Créée et écrite par Shachar Magen et Valérie Zenatti, la série renverse rapidement les codes du thriller traditionnel en menant les protagonistes sur une multitude de fausses pistes qui élargissent le mystère au lieu de l’éclaircir. Si bien qu’aux troisième et quatrième épisodes les spectateurs se trouvent eux aussi complètement largués. Y-a-t-il réellement un coupable ? Le réalisateur Thomas Vincent – qui a déjà fait ses preuves sur les séries Tunnel, Versailles et Bodyguard – plaide le mélange entre Rosemary’s Baby (Roman Polanski, 1968) et les westerns à la Sergio Leone. Cette dernière comparaison fait référence aux grands espaces désertiques d’Israël et aux tensions politiques avec la frontière palestinienne, un changement de décor qui est le bienvenu pour se démarquer des thrillers occidentaux à l’ambiance souvent plus citadine et sombre. Les déserts à perte de vue rendent l’atmosphère d’autant plus inquiétante qu’on a l’impression que tout peut y arriver à tout moment et sans aucun témoin. La comparaison avec le film de Polanski peut paraître déroutante pendant les premiers épisodes mais, dès l’épisode 5, elle prend tout son sens : au fur et à mesure que l’enquête se complique et que la paranoïa s’installe, le fantastique s’invite discrètement et renverse la vapeur pour amener l’intrigue là où on ne s’y attendait pas.

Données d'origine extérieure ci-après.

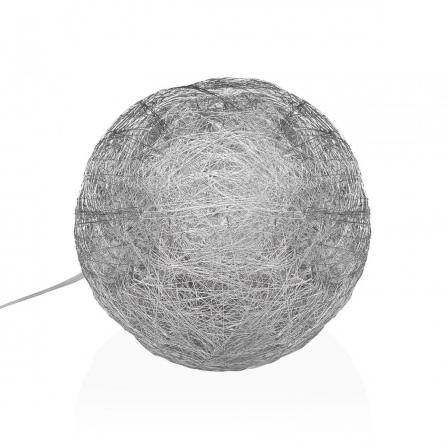 BOLA PLATEADA EN 3D LUMINOSA 20CM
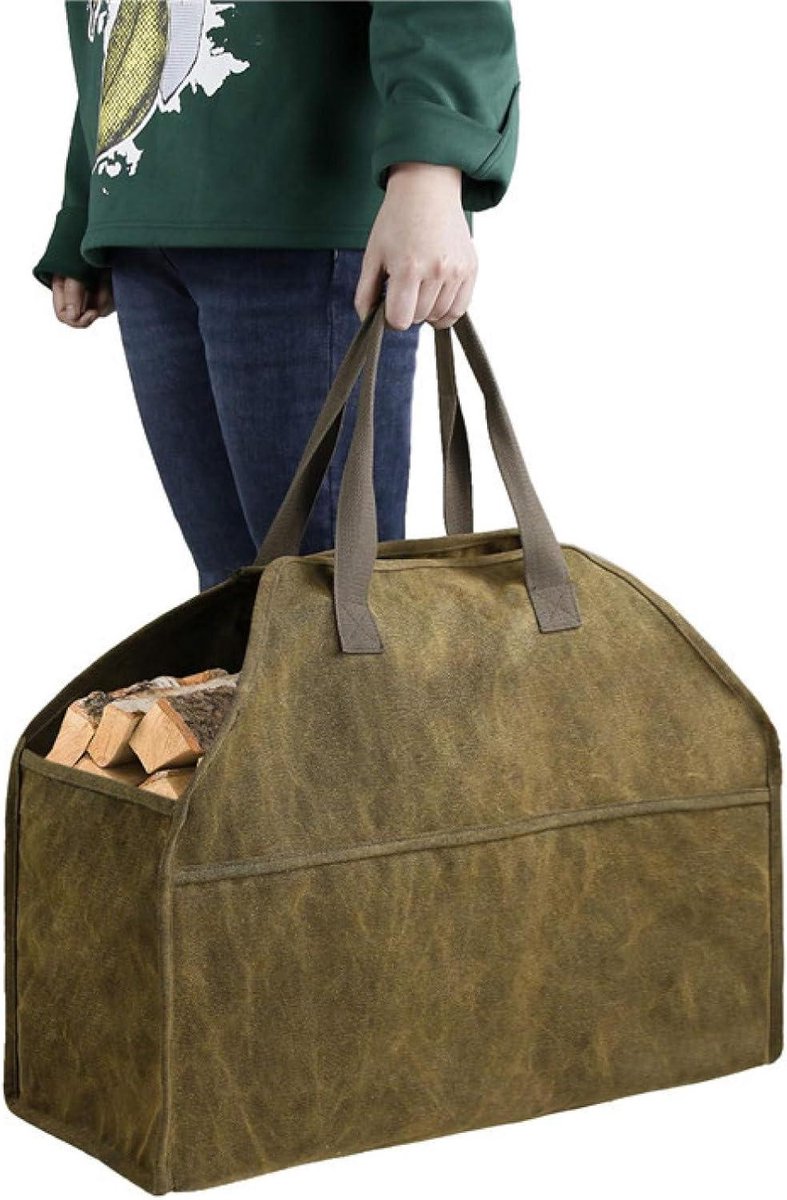 Brandhoutzak - Houttas Open Haard - Haardhout Opslag - Grote Capaciteit - 57 x 24 x 46 cm - Zwart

Possessions met en exergue le combat entre la rationalité et la spiritualité. Esti la policière et Karim le vice-consul cherchent tous deux des explications terre-à-terre pour justifier le meurtre, pensant un temps que Natalie a sombré dans la folie à cause de sa mère trop protectrice et trop croyante ou peut-être à cause de son père qui l’aurait violée, mais aucun d’entre eux n’émet l’hypothèse du surnaturel, d’une présence supérieure voire démoniaque. Selon la religion juive du pays, on penserait d’ailleurs au dibbouk, un démon déjà aperçu dans The Vigil (Keith Thomas, 2019) ou dans le court-métrage notamment primé au PIFFF 2019 Dibbuk de Dayan D. Oualid. La double culture de Natalie, partagée entre les origines polonaises de son père et les croyances tunisiennes de sa mère, l’enfonce dans une machination où le libre-arbitre n’a plus sa place. Balancée de rituel en rituel, la jeune femme au visage de poupon vit sous l’emprise d’une foi qui la dépasse. Le titre de la série propose donc un jeu de mots ambigu : des parents possessifs et des amants possessifs feraient davantage penser à de la possessivité, mais Natalie serait-elle plutôt possédée par une autre force ? Possessions réussit le pari de tenir son public en haleine jusqu’au bout grâce à un arc narratif évolutif, un rythme qui ne se relâche jamais et une touche de paranormal diaboliquement efficace. Seul bémol : un jeu d’acteurs pas toujours convaincant, la faute à une Nadia Tereszkiewicz arborant la même expression faciale pendant six heures et un Reda Kateb malheureusement un peu trop niais.